A nivel regional, el artículo 16 de la Decisión 351 de 1993 de la Comunidad Andina establece este derecho. Sin embargo, a diferencia del Convenio de Berna, el Tribunal de la Comunidad ha establecido que es obligación de los Estados miembros su regulación. Dando cumplimiento a la normativa regional, EcuadorPerú y Bolivia han adoptado el derecho en su legislación nacional. Colombia, lamentablemente, sigue siendo el único estado miembro que aún no lo ha reconocido ni ha presentado una discusión profunda a nivel institucional.

Para la Dirección Nacional de Derecho de Autor parece ser un derecho opcional, mientras que la Corte Constitucional lo reconoce como un derecho de autor de mera remuneración. De acuerdo con la Corte, este derecho busca una distribución justa de los ingresos derivados de la explotación de la creación intelectual, promueve su producción, sirve al interés público y fomenta el principio de solidaridad en el sector artístico, caracterizado por salarios bajos y largos periodos de inactividad.

A pesar de lo anterior, ninguna autoridad (nacional o regional) ha profundizado la esencia del derecho de participación. Una desventaja adicional es que en Colombia no existe ninguna sociedad colectiva de artistas visuales que facilite la difusión, promoción de iniciativas y el compromiso del gobierno con su adopción.

Con el marco legal a nivel internacional y regional, el desarrollo de la Corte Constitucional en la protección de los artistas a través de los derechos de remuneración y el crecimiento del mercado del arte nacional, no hay justificación para que Colombia siga sin implementar el derecho de participación. Las condiciones en el mercado del arte han cambiado, y los derechos de los artistas deben actualizarse teniendo en cuenta las nuevas dinámicas comerciales. Así lo ha reconocido la Unesco a través de la Recomendación relativa a la Condición del Artista.

Es hora de que Colombia salde la deuda con los artistas plásticos e implemente el derecho de participación con el menor impacto posible en este mercado emergente.

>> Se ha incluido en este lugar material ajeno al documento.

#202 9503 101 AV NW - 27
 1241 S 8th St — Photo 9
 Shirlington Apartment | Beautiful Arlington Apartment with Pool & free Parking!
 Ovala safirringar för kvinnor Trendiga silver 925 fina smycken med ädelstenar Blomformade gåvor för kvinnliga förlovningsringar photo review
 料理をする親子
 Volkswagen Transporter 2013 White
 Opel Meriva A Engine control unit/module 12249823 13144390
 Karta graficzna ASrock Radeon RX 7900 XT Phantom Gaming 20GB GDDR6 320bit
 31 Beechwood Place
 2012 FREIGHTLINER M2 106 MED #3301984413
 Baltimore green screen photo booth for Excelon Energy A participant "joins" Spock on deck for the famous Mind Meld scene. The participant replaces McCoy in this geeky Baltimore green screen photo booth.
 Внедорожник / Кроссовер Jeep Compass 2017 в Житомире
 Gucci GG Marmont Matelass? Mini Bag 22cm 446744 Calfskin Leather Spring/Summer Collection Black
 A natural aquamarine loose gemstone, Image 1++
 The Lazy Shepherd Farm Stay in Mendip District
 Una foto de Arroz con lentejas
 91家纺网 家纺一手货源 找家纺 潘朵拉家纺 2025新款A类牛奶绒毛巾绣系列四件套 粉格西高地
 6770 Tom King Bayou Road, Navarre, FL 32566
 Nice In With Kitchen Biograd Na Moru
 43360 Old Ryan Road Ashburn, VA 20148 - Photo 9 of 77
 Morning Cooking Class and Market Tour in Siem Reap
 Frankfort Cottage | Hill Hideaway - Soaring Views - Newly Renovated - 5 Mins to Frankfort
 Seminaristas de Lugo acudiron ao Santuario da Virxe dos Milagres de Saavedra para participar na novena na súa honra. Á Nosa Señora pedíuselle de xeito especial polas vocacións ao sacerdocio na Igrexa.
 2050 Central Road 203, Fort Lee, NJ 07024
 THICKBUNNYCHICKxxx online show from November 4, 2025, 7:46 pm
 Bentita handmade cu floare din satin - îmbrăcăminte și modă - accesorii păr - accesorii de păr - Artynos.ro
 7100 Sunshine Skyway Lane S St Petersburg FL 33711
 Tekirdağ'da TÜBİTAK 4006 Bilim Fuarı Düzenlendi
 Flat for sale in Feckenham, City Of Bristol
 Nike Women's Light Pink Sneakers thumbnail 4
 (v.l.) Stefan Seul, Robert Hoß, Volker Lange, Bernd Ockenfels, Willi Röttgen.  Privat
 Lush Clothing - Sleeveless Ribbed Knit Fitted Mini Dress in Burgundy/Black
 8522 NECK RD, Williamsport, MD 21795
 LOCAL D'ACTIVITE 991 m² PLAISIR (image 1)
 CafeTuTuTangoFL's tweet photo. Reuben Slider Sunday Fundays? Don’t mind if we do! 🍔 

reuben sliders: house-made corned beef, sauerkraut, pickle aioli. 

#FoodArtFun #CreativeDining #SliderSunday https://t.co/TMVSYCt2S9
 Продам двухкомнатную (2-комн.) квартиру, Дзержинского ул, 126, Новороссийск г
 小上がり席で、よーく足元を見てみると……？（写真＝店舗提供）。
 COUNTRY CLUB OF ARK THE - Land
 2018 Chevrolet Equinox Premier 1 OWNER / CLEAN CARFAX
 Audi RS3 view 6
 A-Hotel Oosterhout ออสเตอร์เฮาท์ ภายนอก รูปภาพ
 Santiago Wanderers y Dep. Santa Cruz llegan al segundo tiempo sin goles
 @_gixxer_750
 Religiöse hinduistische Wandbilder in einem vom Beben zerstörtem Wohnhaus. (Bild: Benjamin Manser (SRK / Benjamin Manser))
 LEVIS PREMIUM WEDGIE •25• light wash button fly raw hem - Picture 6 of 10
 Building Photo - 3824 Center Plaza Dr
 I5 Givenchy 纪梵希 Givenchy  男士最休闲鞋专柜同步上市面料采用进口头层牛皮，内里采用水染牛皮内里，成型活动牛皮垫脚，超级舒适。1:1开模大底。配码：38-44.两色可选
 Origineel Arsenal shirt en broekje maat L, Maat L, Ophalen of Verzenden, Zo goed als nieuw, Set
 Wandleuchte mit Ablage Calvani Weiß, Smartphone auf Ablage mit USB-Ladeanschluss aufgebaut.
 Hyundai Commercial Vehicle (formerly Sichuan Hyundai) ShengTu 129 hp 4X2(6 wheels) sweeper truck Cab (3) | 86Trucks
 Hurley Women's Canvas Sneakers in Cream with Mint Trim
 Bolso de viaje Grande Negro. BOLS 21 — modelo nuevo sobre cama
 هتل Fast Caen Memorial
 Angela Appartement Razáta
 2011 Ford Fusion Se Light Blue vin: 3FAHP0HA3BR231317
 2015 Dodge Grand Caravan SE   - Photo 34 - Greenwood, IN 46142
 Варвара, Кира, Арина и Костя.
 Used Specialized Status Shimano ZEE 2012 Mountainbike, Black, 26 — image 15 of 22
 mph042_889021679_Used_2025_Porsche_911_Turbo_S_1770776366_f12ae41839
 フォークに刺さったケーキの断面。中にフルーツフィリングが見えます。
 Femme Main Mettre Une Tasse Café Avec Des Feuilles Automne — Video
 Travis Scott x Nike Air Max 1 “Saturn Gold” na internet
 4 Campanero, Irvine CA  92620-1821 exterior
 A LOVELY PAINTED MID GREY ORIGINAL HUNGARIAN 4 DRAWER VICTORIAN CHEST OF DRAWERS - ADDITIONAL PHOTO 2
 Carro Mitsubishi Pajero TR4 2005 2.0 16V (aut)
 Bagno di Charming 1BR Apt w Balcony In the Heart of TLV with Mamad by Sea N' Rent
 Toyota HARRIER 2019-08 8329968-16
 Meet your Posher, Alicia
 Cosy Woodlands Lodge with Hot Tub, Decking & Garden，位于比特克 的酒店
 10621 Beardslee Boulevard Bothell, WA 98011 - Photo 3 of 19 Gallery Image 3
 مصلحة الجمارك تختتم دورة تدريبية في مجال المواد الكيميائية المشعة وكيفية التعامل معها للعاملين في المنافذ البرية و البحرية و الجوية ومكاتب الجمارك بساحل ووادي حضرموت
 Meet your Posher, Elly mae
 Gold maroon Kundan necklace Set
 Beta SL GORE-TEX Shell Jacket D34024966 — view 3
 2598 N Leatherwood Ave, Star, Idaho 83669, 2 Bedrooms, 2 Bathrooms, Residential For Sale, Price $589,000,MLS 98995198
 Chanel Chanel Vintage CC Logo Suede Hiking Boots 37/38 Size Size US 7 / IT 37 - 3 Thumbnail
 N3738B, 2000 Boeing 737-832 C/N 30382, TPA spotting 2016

Un marco normativo claro, diseñado para el mercado del arte colombiano, logrará reivindicar el trabajo de los artistas, reforzar la relación entre el autor y su obra y otorgar a los artistas plásticos una protección equivalente, no solo con otros creadores en Colombia, sino con otros artistas visuales en los más de 80 países que, hoy, cuentan con este derecho.